Baseline Viral Load and the Number of PI Mutations Are Associated with the Virological Outcome of Ritonavir-boosted Amprenavir Regimens

Amprenavir/APV (Agenerase) has been shown to be effective in naive and in treatment-experienced HIV-1 infected patients. However, the safety and efficacy of the APV 600 mg/ritonavir (RTV) 100 mg twice a day (bid) combination, the usually recommended dosage for boosted APV, have been less well studied.

In this study, French researchers assessed the predictive factors associated with virological success of APV/RTV-based regimens.

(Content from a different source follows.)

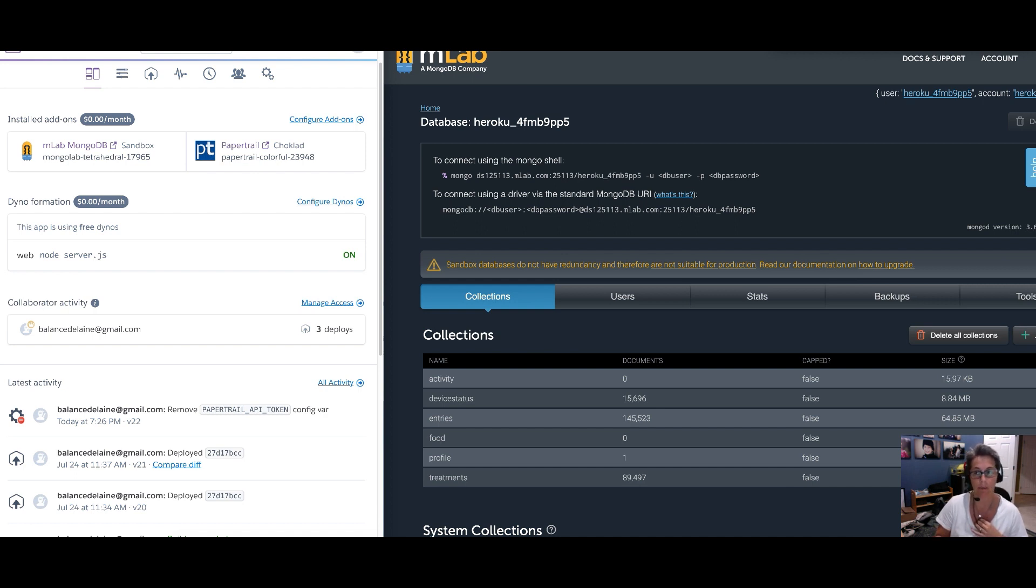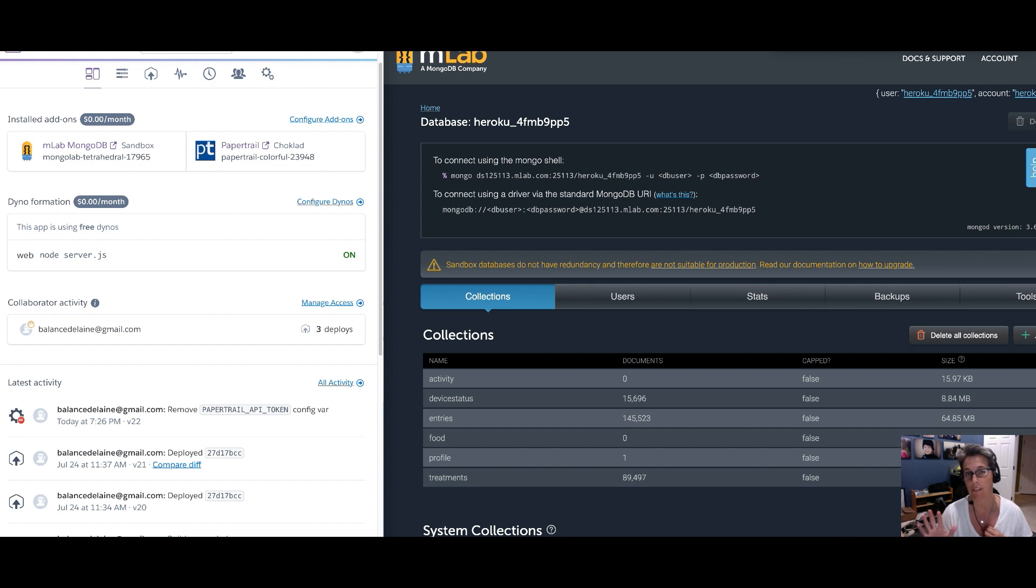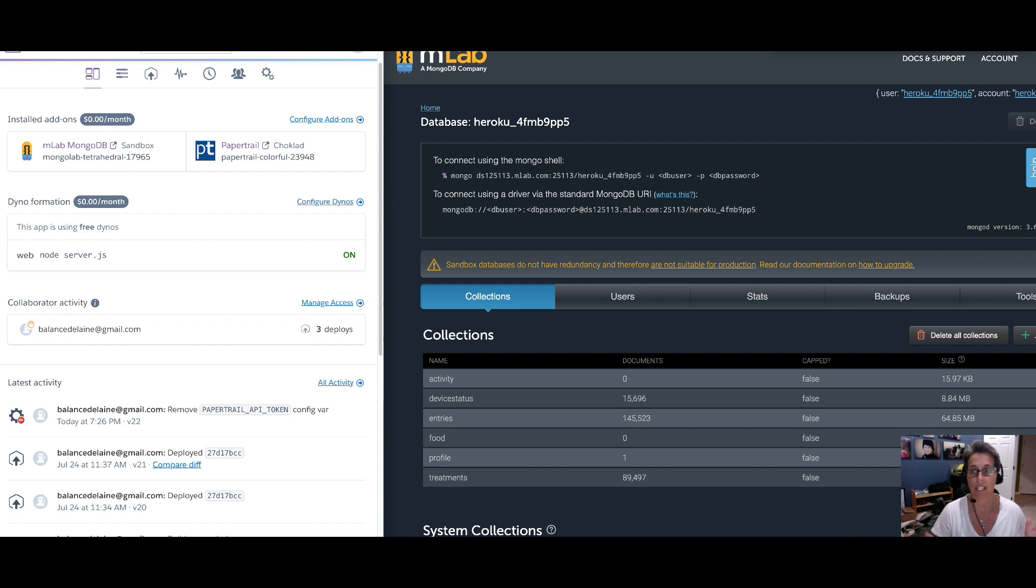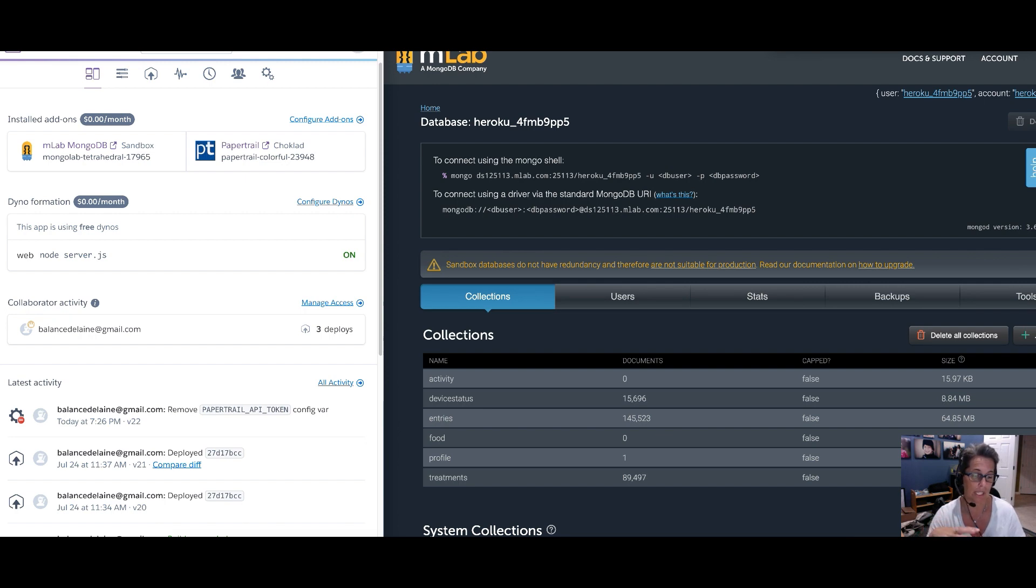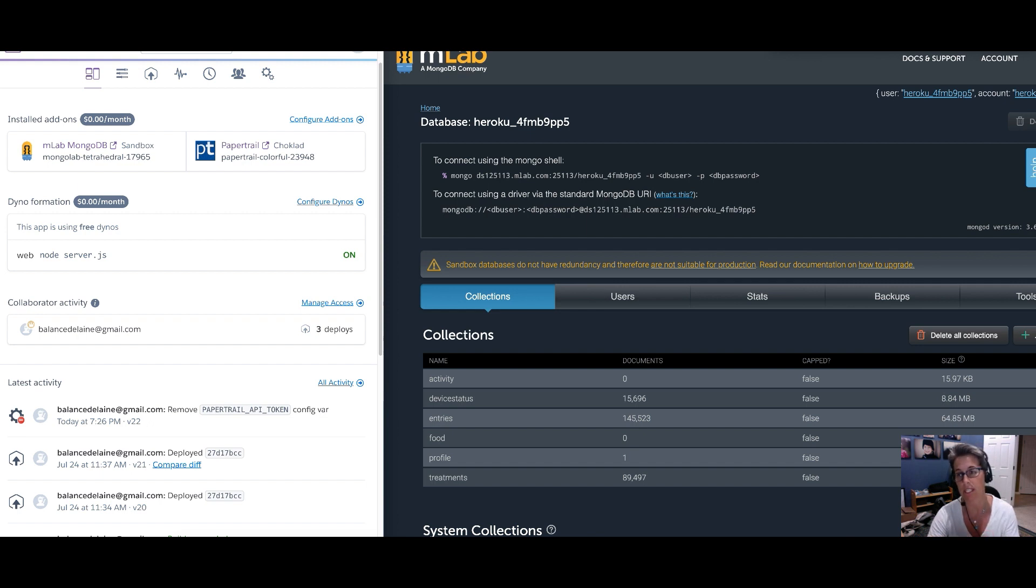When you set up your Nightscout site, it comes with a free database of 500 megabytes. So all of your loop data, all of your Nightscout data, it all goes up into that database and eventually will fill up. It doesn't just fill up with data in one big chunk, it also has to do with how efficiently the data is packed together within that database.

Patients in the PharmAdapt study receiving an APV/RTV-containing regimen were included in the study. The predictivity of covariates on virological response at 4 months was analysed according to the data analysis plan. The investigators processed logistic regression using bootstrapping to allow several covariates in the models.

Results

Forty patients received an APV/RTV-containing regimen, 38 of whom were male (95%). Risk factors were heterosexual contacts (four patients; 10%), homosexual contacts (31 patients; 78%), and intravenous drug use (four patients; 10%).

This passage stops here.